### Problem to solve
From the first line to the last, copy the material exactly and leave the pictures out.

### Provided data
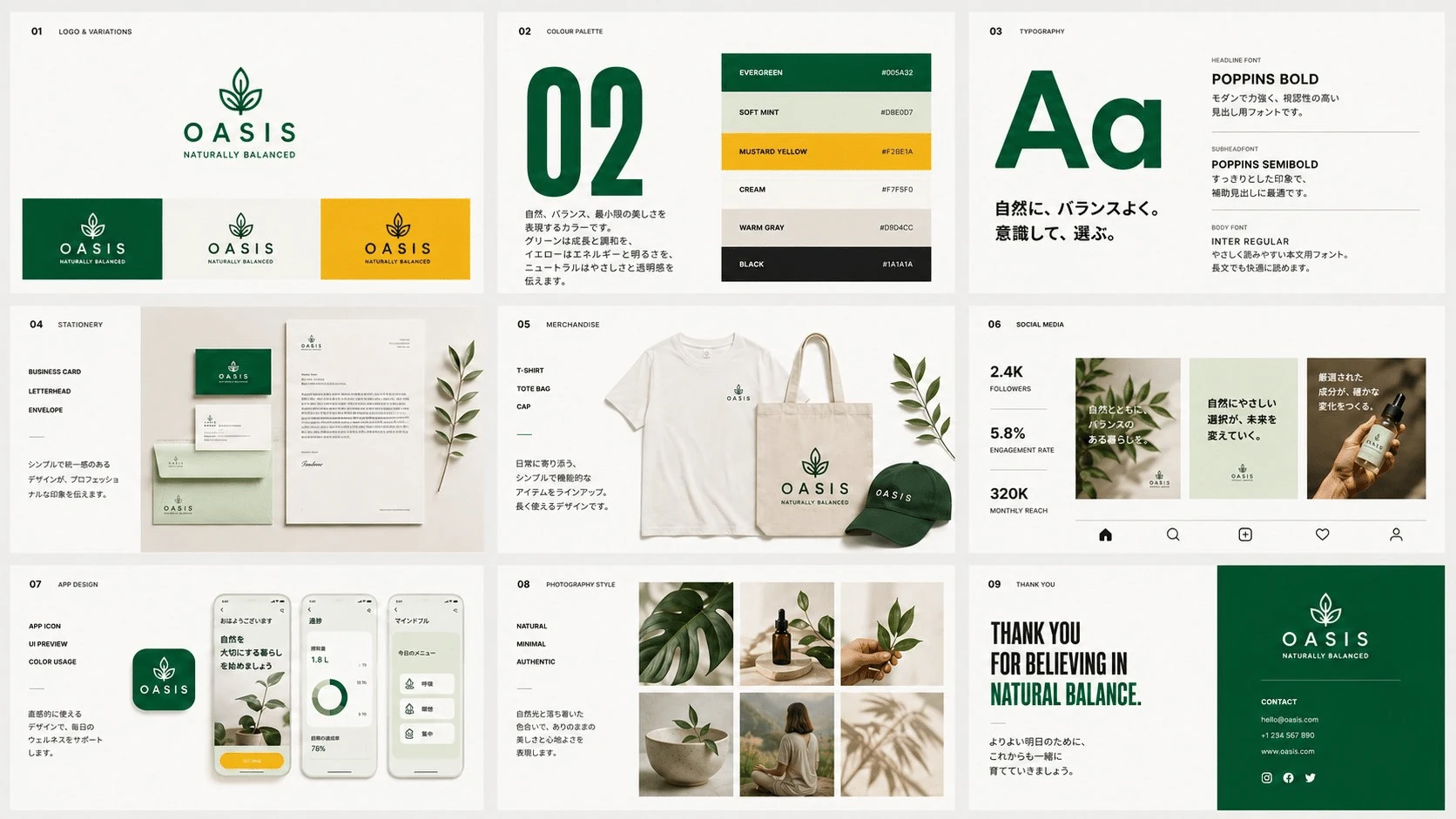 Green Brand System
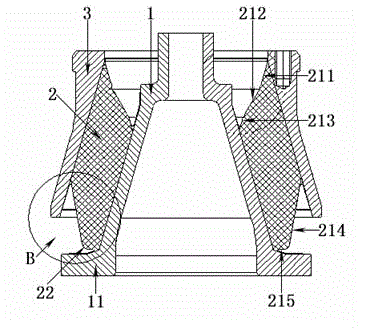 Method and product for greatly changing rigidity of conical spring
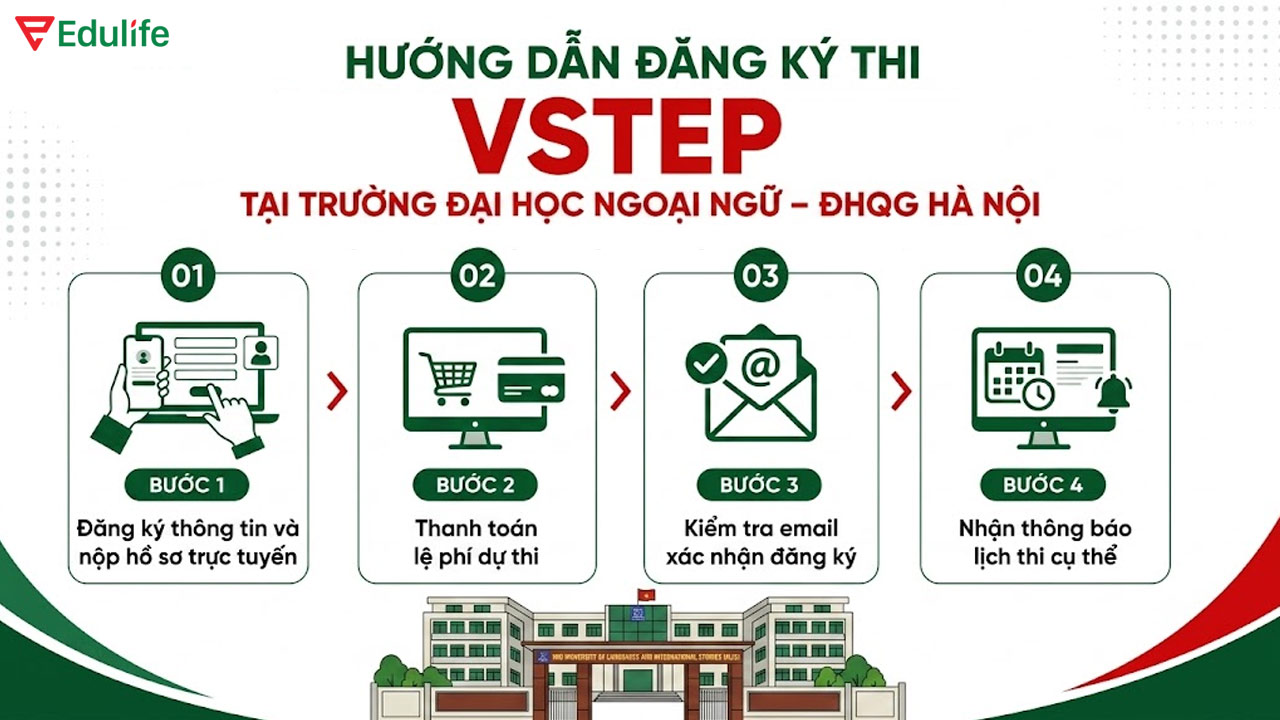 Quy trình đăng ký dự thi VSTEP tại ULIS gồm 4 bước chính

### Solution for this task
 Green Brand System
 Method and product for greatly changing rigidity of conical spring
 Quy trình đăng ký dự thi VSTEP tại ULIS gồm 4 bước chính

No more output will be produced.